» **Problem description**
The line holding "Rivadavia 2569 , Piso 4" and all lines that follow it to the end of the data: return these exactly, and nothing more.

» **Source material**
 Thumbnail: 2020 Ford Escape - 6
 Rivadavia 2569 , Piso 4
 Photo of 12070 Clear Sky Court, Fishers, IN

» **Response to this exercise**
 Rivadavia 2569 , Piso 4
 Photo of 12070 Clear Sky Court, Fishers, IN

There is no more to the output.